▸ **Task requirements**
Restate the whole listing below word for word and keep the images out.

————

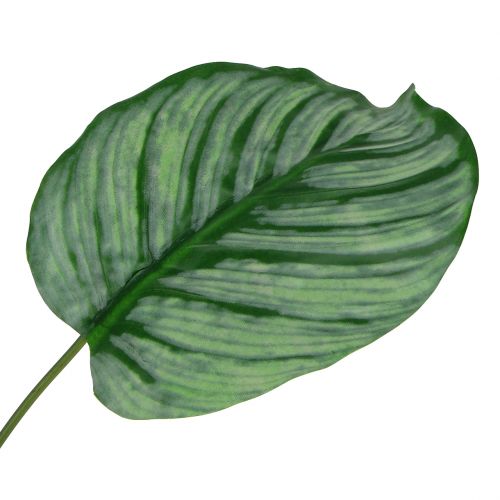 Floristik24 Decorative leaf, Calathea leaf 6pcs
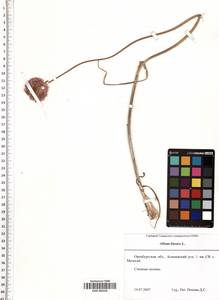 SMR000356, Allium lineare L., Eastern Europe, Eastern region (E10) (Russia)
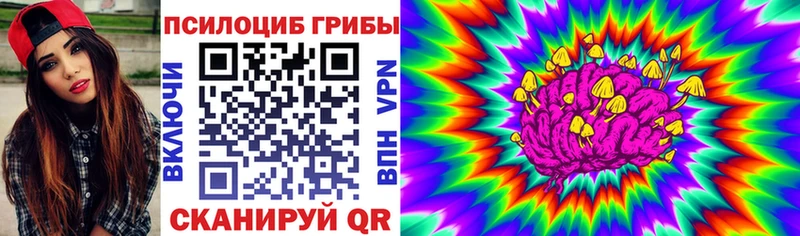 Галлюциногенные грибы Cubensis  Гуково 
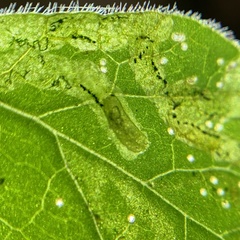 Phytomyza spondylii group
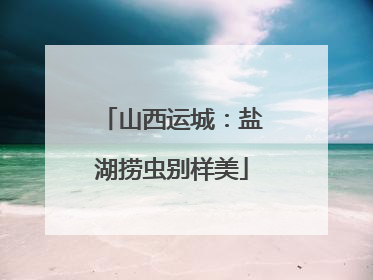 山西运城：盐湖捞虫别样美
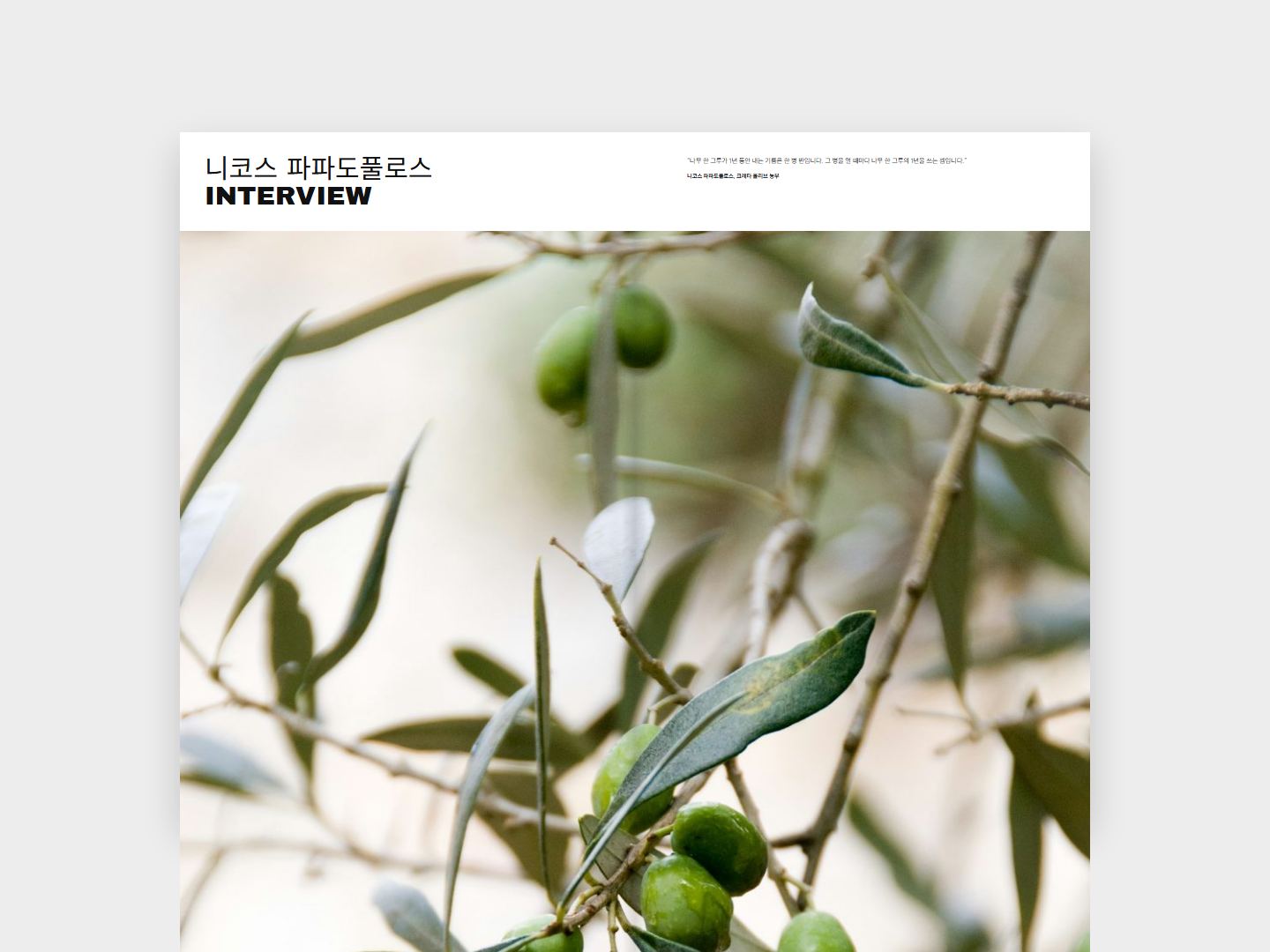 OLIVE 인터뷰 지면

————

▸ **Exercise answer**
 Floristik24 Decorative leaf, Calathea leaf 6pcs
 SMR000356, Allium lineare L., Eastern Europe, Eastern region (E10) (Russia)
 Галлюциногенные грибы Cubensis  Гуково 
 Phytomyza spondylii group
 山西运城：盐湖捞虫别样美
 OLIVE 인터뷰 지면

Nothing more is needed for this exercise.